The history is pretty bleak:  people with developmental disabilities grouped into programs that "help," but that also isolate and sustain isolation as a way of life.  The new Medicaid rules are saying that Medicaid funds aren't going to pay for "congregate" service-delivery:  no more sheltered workshops, no more day programs in anonymous strip-mall buildings, etc.  So a lot of my colleagues are nervously waiting on how the feds are defining "community."  It's a topic of conference sessions, blogs, newsletters.  What is "community" going to mean in the context of funding rates, providers, programs?  "Community" this, "community" that.
 
It's kind of funny.  I think we all maybe know innately what "community" means, and yet now the "official" definition is coming down from on high, and this makes people anxious and angry.

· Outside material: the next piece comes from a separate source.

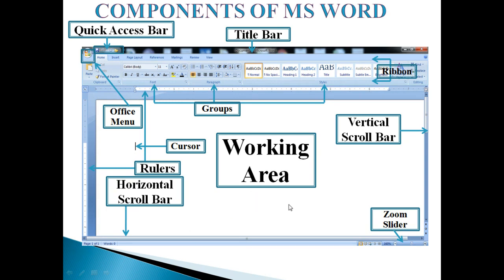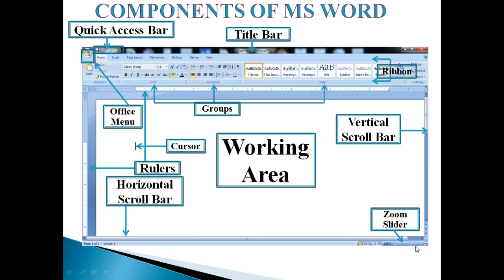Next is the Working Area. This area is used for typing and editing text. There are two scroll bars in the Word window: the vertical scroll bar and the horizontal scroll bar. The horizontal scroll bar moves the screen display toward the right or left. The vertical scroll bar moves the document window up and down. Last is the Zoom Slider. It is present at the extreme right corner of the status bar. You can drag the zoom slider right or left to enlarge or reduce the size of the Word document.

It also makes them skeptical and short-sighted. 
 
Parenthood may have it right somehow,  Even though they started down the road of a congregate "special school" where people like Max are consigned to be "helped," the actual narrative arc defining Max has nothing to do with the service system he's in.  He is able to discover what he wants to do, what his passion is, what his future night be, by living it like any other kid.  He got a camera.  He fell in love with what he can do with a camera.  He got help through his aunt's fiancĂ©e.  He got encouragement from his family.  He's on his way.
 
I guess that's what I'm trying to understand in real life:  how to help people discover that narrative arc that will set them on a path to what they need and want to do, so that the service system won't define them; they will define the service system.  And building "special buildings" and "special programs" just doesn't seem the right technique.  It's about figuring out how to make situations happen without waiting on permission.  It's about life as it's lived, not programmed or paid for.  Medicaid more-than-likely will have to be a part of it for a lot of people, but now even Medicaid is saying, "Let's stop the madness."  I like that, I guess.  I don't want to cling to history, don't want to depend on the past.  I don't want to wait around for what "community" means either.